I suspect it to some extent depends on your era, though, and how likely someone is to allow for creaky visuals. Robotron, for example, remains one of the very best twin-stick shooters, but it looks basic and is hard and nails. Would it appeal to that many people who weren't there at the time? And the same's probably true of quite a lot of SNES fare.

The platformers, though, tend to have a kind of timeless quality about them, as, to some extent, do the RPGs. I can't imagine that many kids having a lot of fun with F-Zero, though, despite how ground-breaking it was at the time.

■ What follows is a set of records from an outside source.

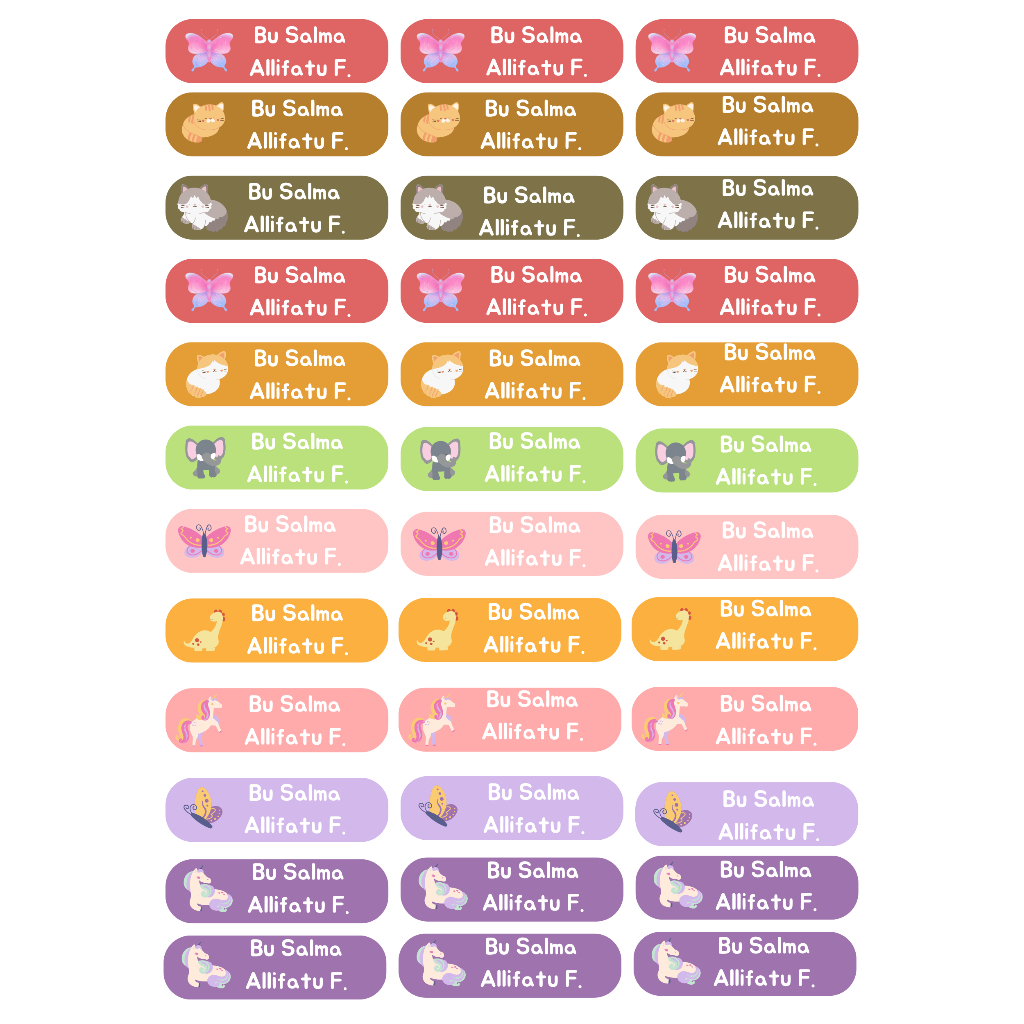 

STIKER NAMA CUSTOM | 33 pcs per pack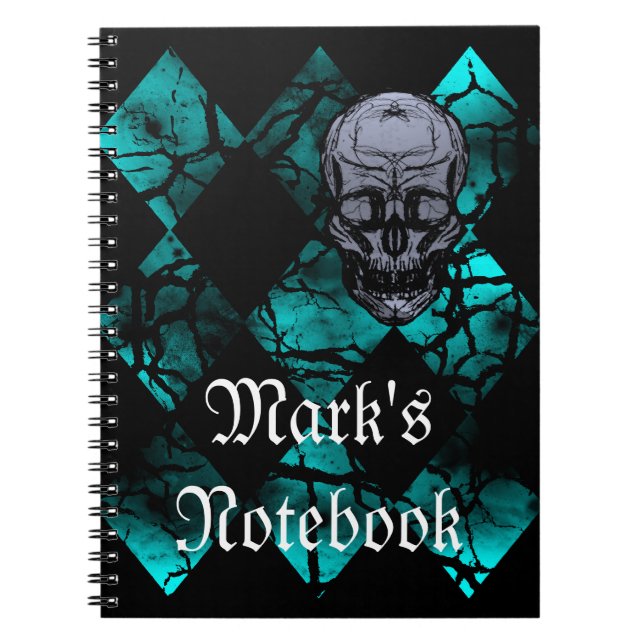 Awesome Gothic Skull and Diamond Pattern Notebook (Front)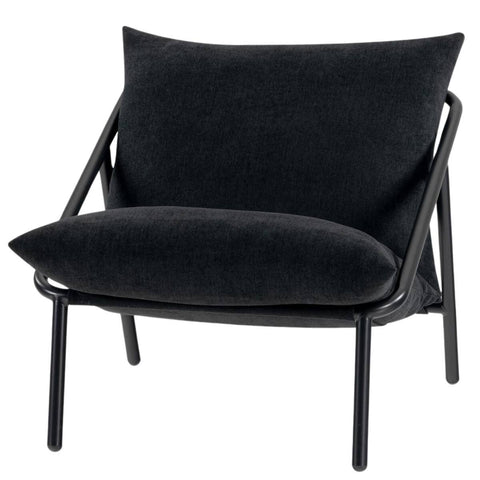Zinus Sling Accent Chair - Black Fabric, Steel Frame and Shredded Foam Padding - AU-USHSL2ZC-31B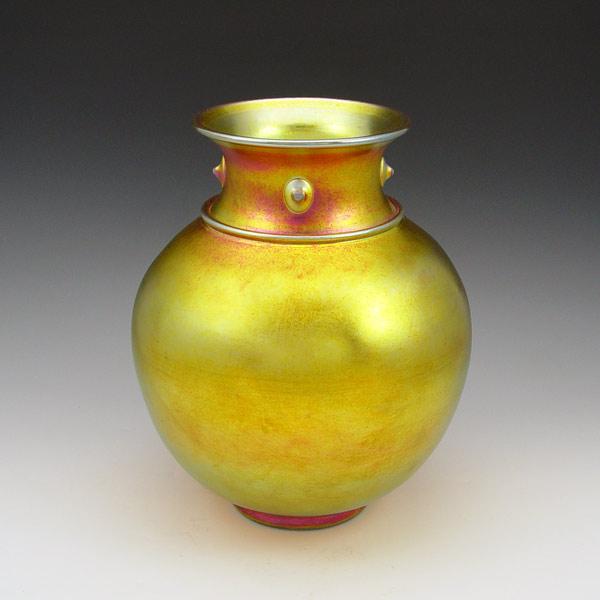 Appraisal: STEUBEN GOLD AURENE VASE '' tall gold iridescent glass shape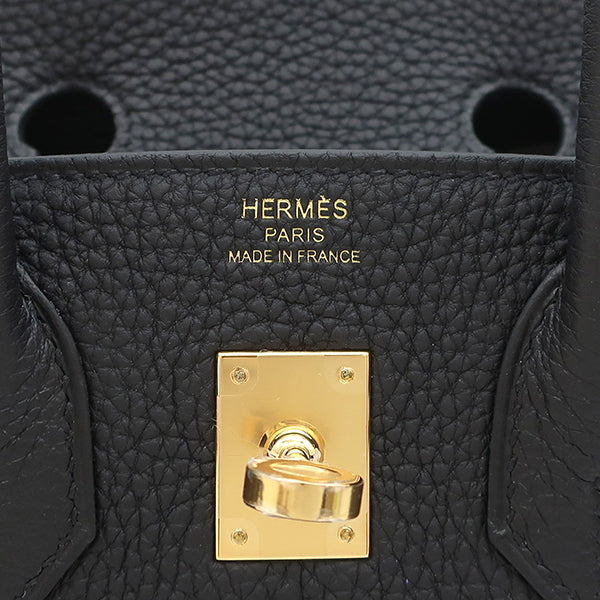 エルメス HERMES バーキン25 ブラック トゴ ハンドバッグ ゴールド金具 新品 未使用 黒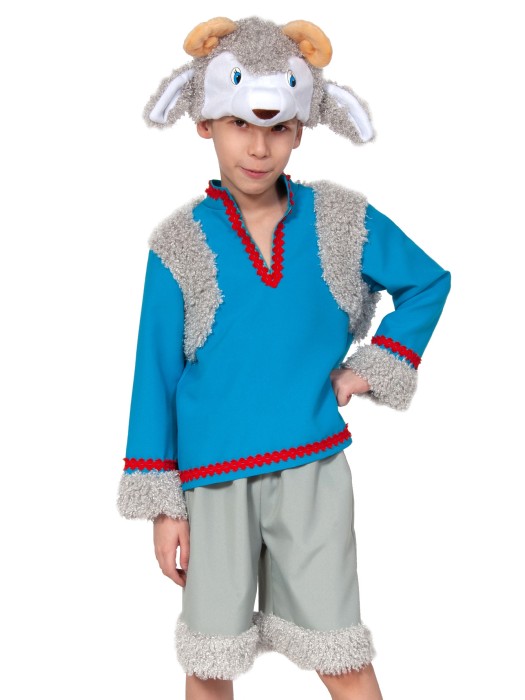 Костюм Барашек Бяшка 8013 Карнавальный костюм барашка для мальчика 4-7 лет на рост 98-128см. В комплекте маска, рубаха и шорты.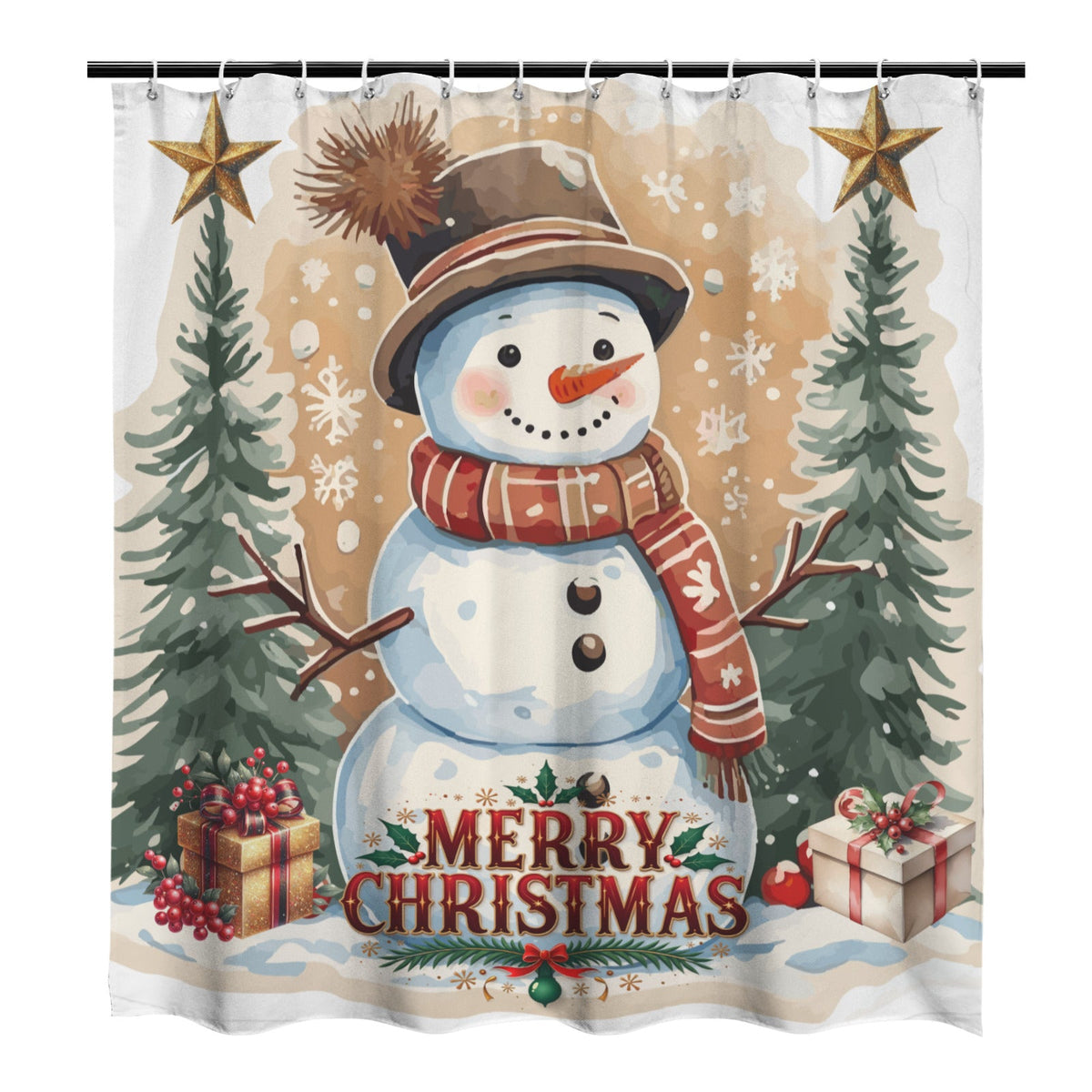 Happy Snowman Merry Christmas Shower Curtain 66" x 72" (Made in USA）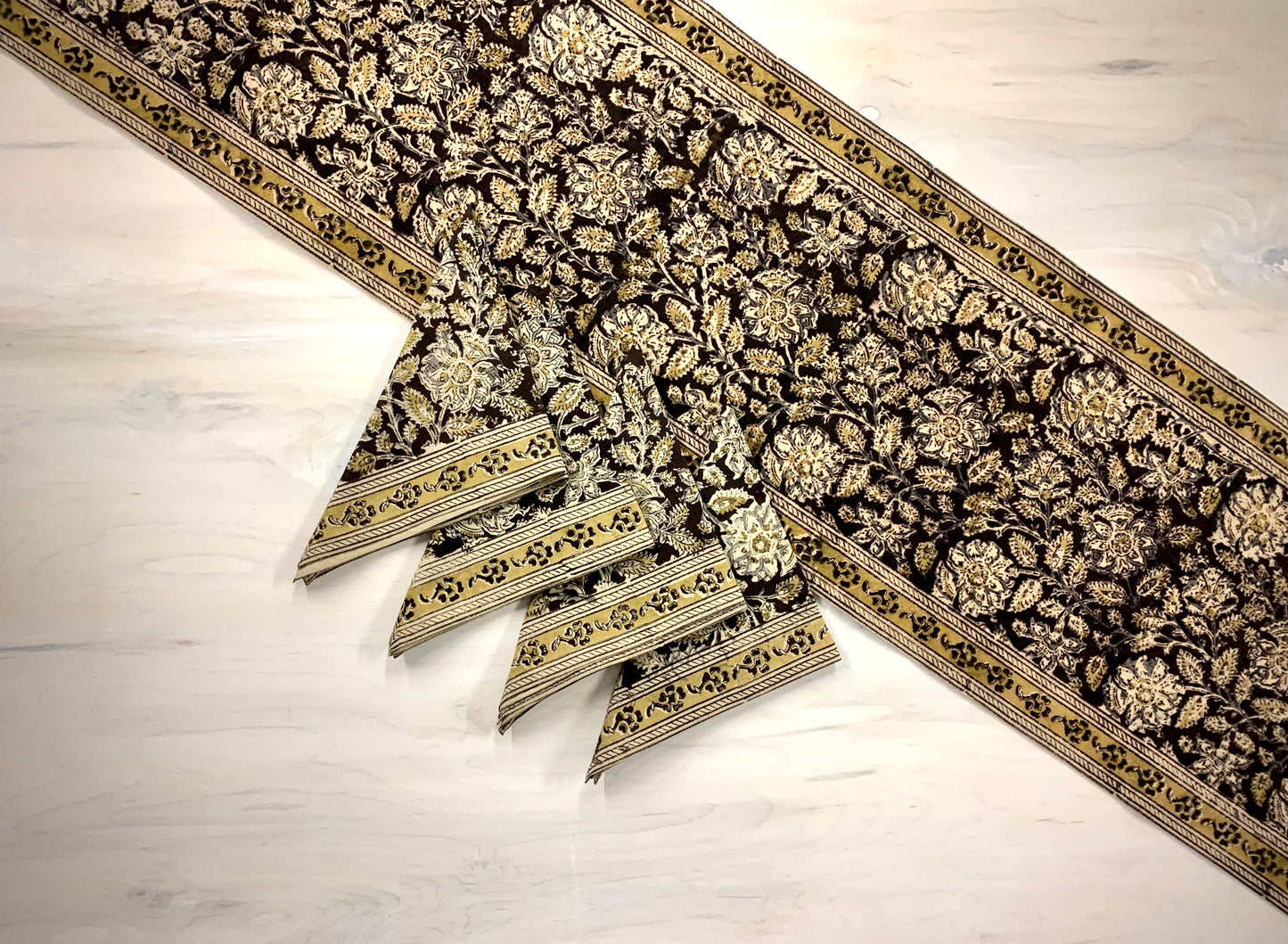 Black Kalamkari Table Runner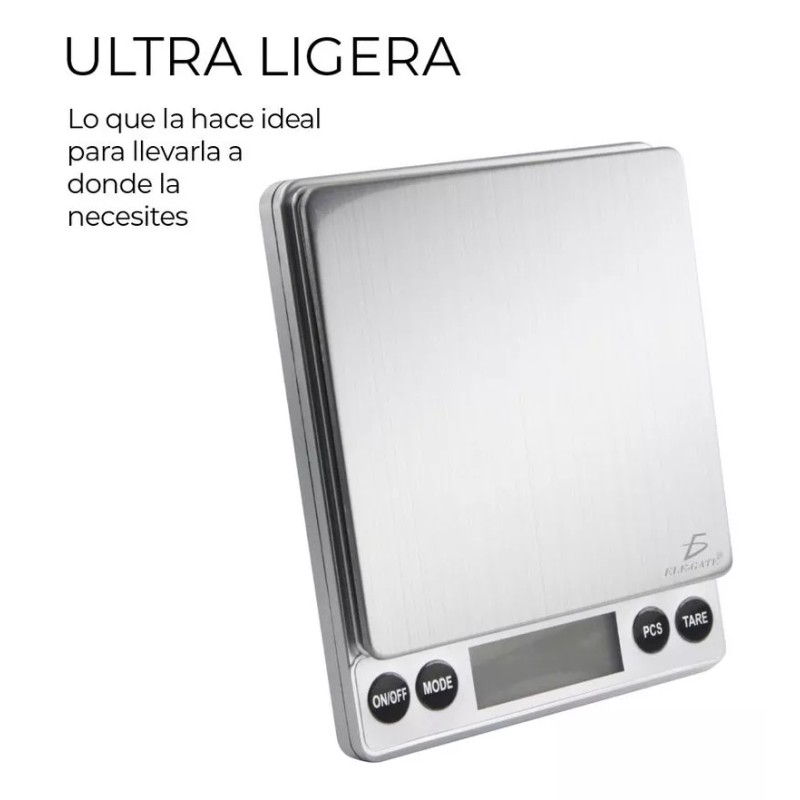 EG Bascula Gramera Digital De Precisión Y 6 Tapas Herméticas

To some extent, yes, but I still maintain that games reached a much higher level of sophistication in the SNES era, and hold up far better as a result. I think a large part of that is the wider implementation of the battery backup, which allowed proper saving (rather than having to type in passwords), which allowed for games that were much richer home console experiences and less arcadey and trial and error by design. Definitely agree on platformers and RPGs having aged the best, though - can't imagine anyone having much fun with something like Star Fox coming to it fresh nowadays.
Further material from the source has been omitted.